The "difficult to evaluate" point is reflected in both sides' evaluation/award mechanisms. CHI has 50 best papers a year and 250 best nominations. ICLR has only 3 best papers and 3 best nominations. Even if you're in the top 1% of ICLR research, you can only get an oral opportunity; but at CHI, all accepted full papers can be oral (100%).
But Where Should Humanity Go
Augmentation or Replacement?
Should AI augment or replace humans? In slogans, everyone can reach a moderate consensus, but in terms of path, the two fields are making completely different attempts: The AI field says, of course we should replace. The HCI field says, of course we should augment.

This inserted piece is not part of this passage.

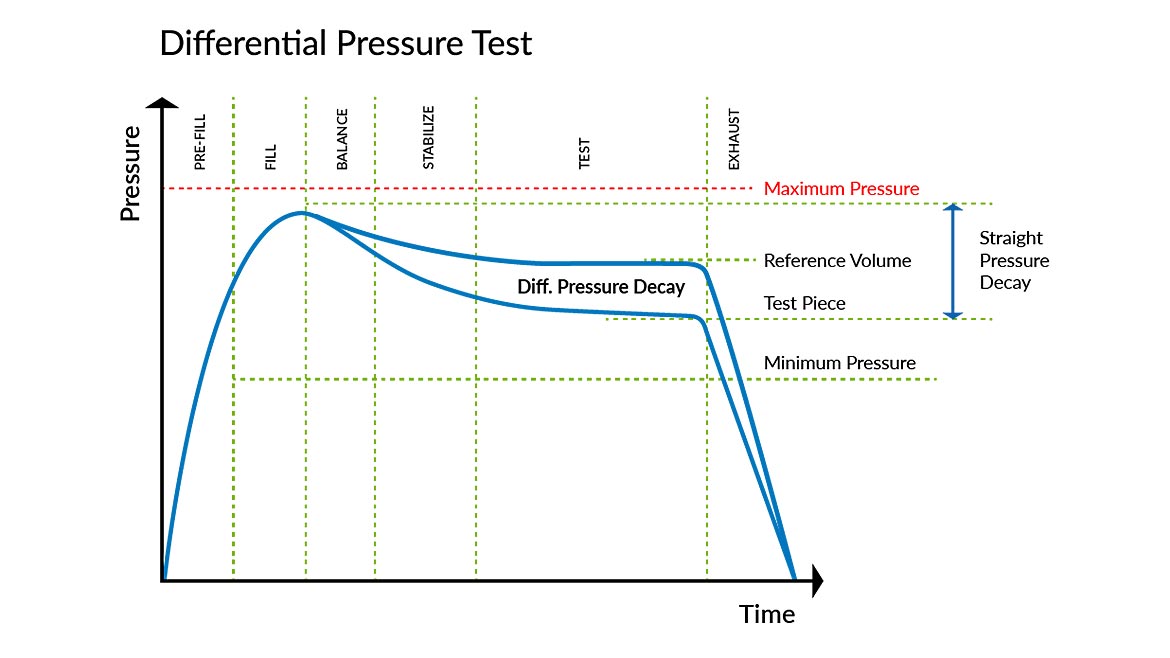 QM 0723 TestB Fig 3 CTS Pressure Decay dP and dP dT Chart
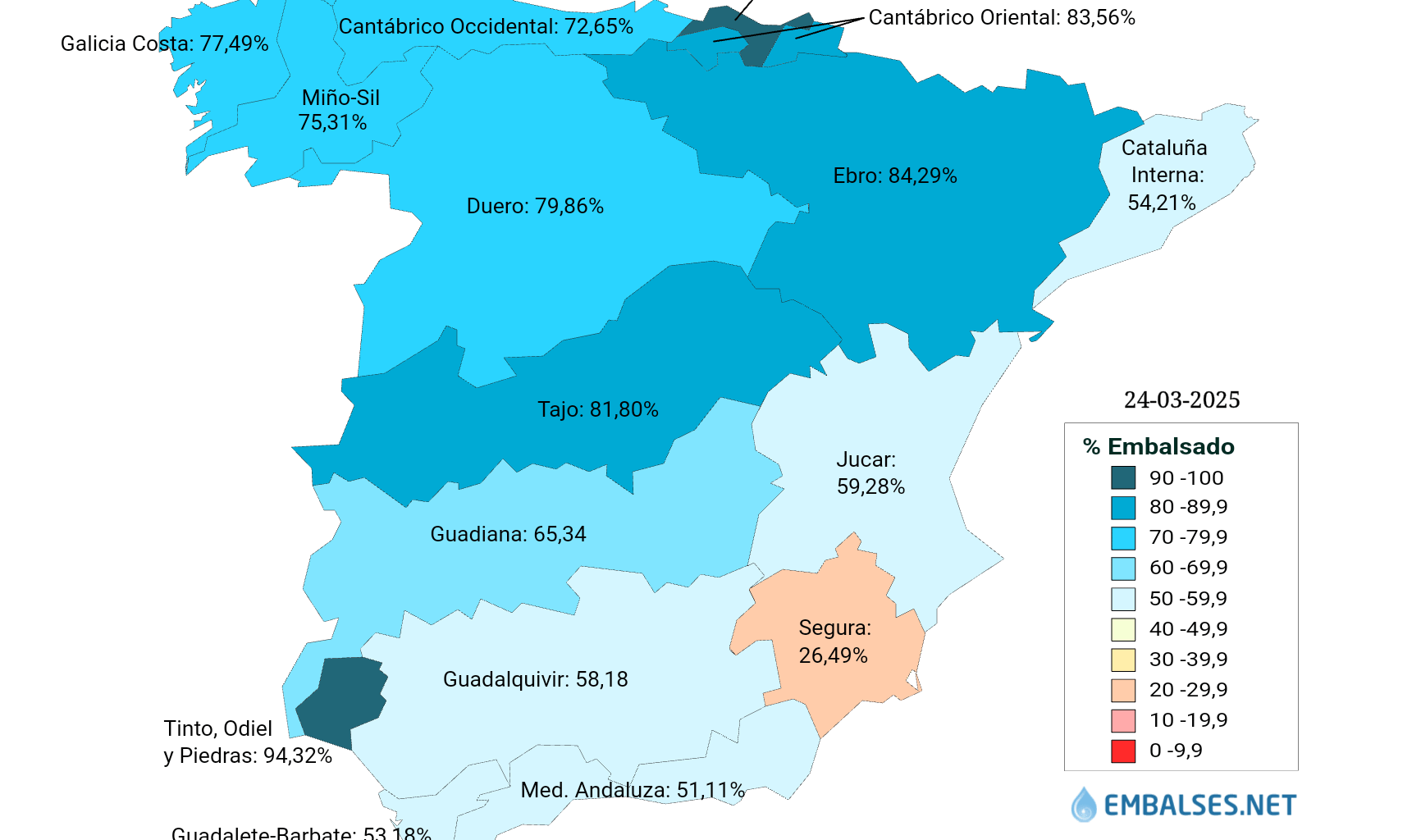 Niveles cuencas hidrográficas España 24/03/2025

Although everyone is still trying, whether AI ultimately replaces or augments may be related to the task. If it's a task that can directly create economic value in the market, it will inevitably move toward "AI replacement" (such as AI programming, AI data analysis, AI customer service). Otherwise, at least in the short term, you can focus on "AI augmentation" (such as emotional companionship, parent-child relationships, education).
AI is neither necessarily auxiliary nor necessarily replacement. Staying in one field for too long creates some mental inertia, treating results as objectives.
Off-cut
On the first day of ICLR, Professor Zhu Songchun's "tong tong tong (通通通)" and "AGI" was indeed eye-opening. But he mentioned something: "Many humanities and social science scholars have a special obsession with human intelligence value, thinking that humans are different from other creatures." He found this idea absurd: all natural organisms, once born, can be simulated.
I know that in CHI and the broader social science field, "human value" is an inviolable issue. This is not an objective fact, but a stance—because we are carbon-based human beings, we must put human value and uniqueness first. Nevertheless, this human-centered idea is not universally recognized. The faster technology develops in a field, the less people treat humans as unique, but rather as objects that can be statistically calculated and simulated. I vaguely feel that Human-centered and technology development are not mutually reinforcing, but mutually constraining. If you care too much about Human-centered, then don't pursue technology development.